Car traffic is low. The air is crisp and clean, and I’m consumed with guilt. I now fully appreciate how poisonous and harmful the air my family has been living in, the air I’ve been raising my kids in.

When I was pregnant, I traveled every day in a long car commute to my job in a smog-covered part of Los Angeles. At the time, I worried about every food, drink, and substance I put in my body, in case it might have a chance of even slightly harming my baby. After she was born, I struggled to pump breastmilk at my job because breastfeeding may improve IQ by 3 points. 

Meanwhile, I was exposing her to the air of the most polluted city in the US, even though car pollution can cause intelligence reductions equivalent to losing an entire year of education.

But it was easy to dismiss the slightly-brown air at the time, not knowing what clean air is really like, and not wanting to give up my car travel to the inconveniences of LA’s transit network. Now that the air is clean again, it’s easy to see how much damage I was doing.

The Coronavirus pandemic is a terrible health crisis, but by cutting car trips it may actually be saving more lives than it takes. Together, traffic fatalities and illness from air pollution cause over 2,500 deaths per year. This is not to argue that the Coronavirus is a good thing; only that our sprawl-oriented status quo is deadly.

And that deadliness is far worse for low-income families and people of color.

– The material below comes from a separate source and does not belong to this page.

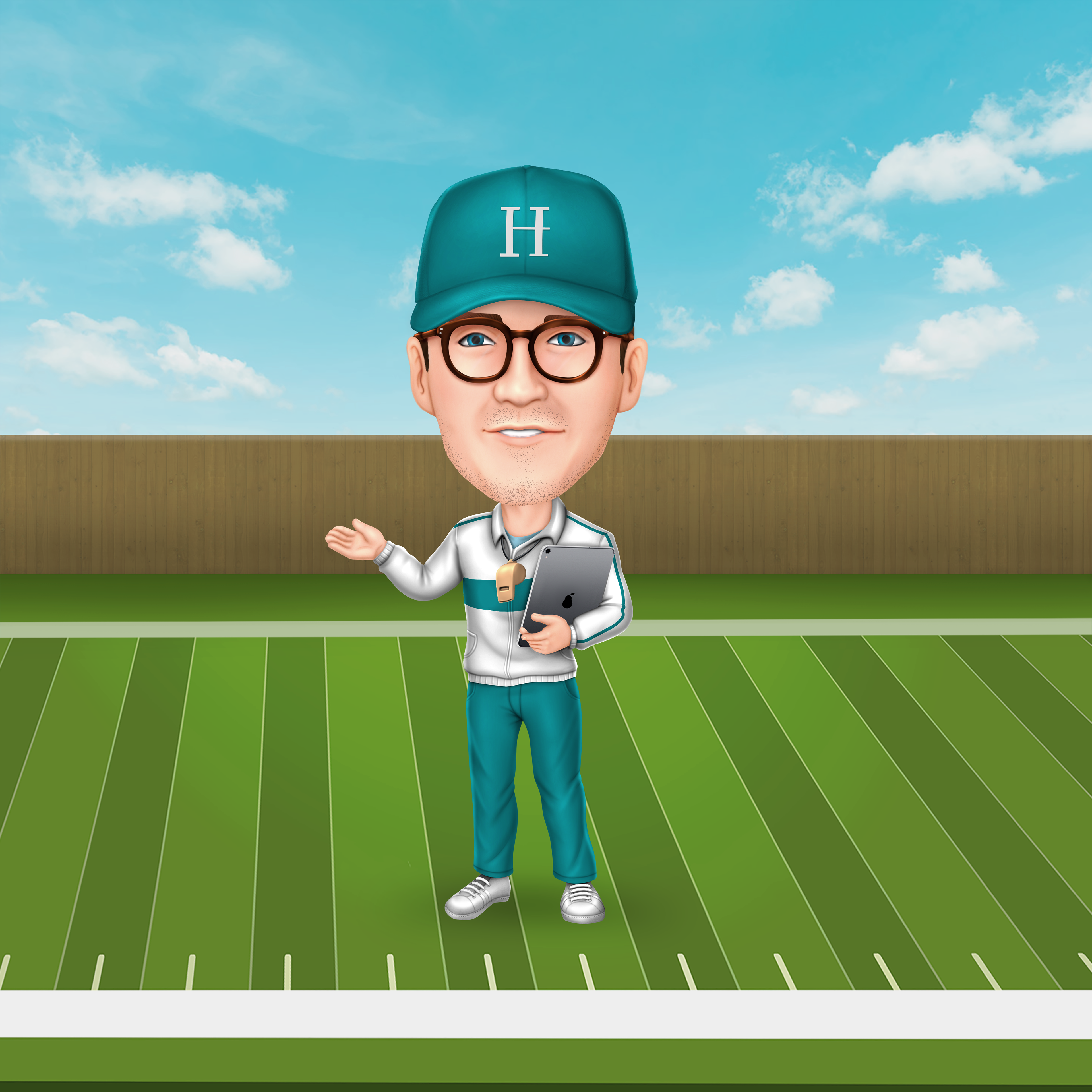 Cartoon_Hudson_Coach_Call_Presentation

Urban sprawl creates segregated, higher-income communities away from polluted highways. Those residents then commute (in gridlocked traffic) through lower-income communities, polluting the air of those not fortunate enough to be able to buy a single-family home in a low-density, high-income neighborhood. Worse, owning and maintaining an automobile is so costly, that it is a financial burden to low-income families. For many who cannot afford a car at all, our insufficient bus and rail network offers often long commutes that take up time they could be spending with their families, compounding the issues that create inequality 

Suburban sprawl, deeply harmful to our cities’ health and deeply inequitable, is the cause of the car dependence and long-commutes that taints Angelenos’ air, poisoning ourselves, our children, and our neighbors. And urban planning that spreads out low-density housing, forcing people to travel on roads to get to their destinations, makes sustainable mobility impossible.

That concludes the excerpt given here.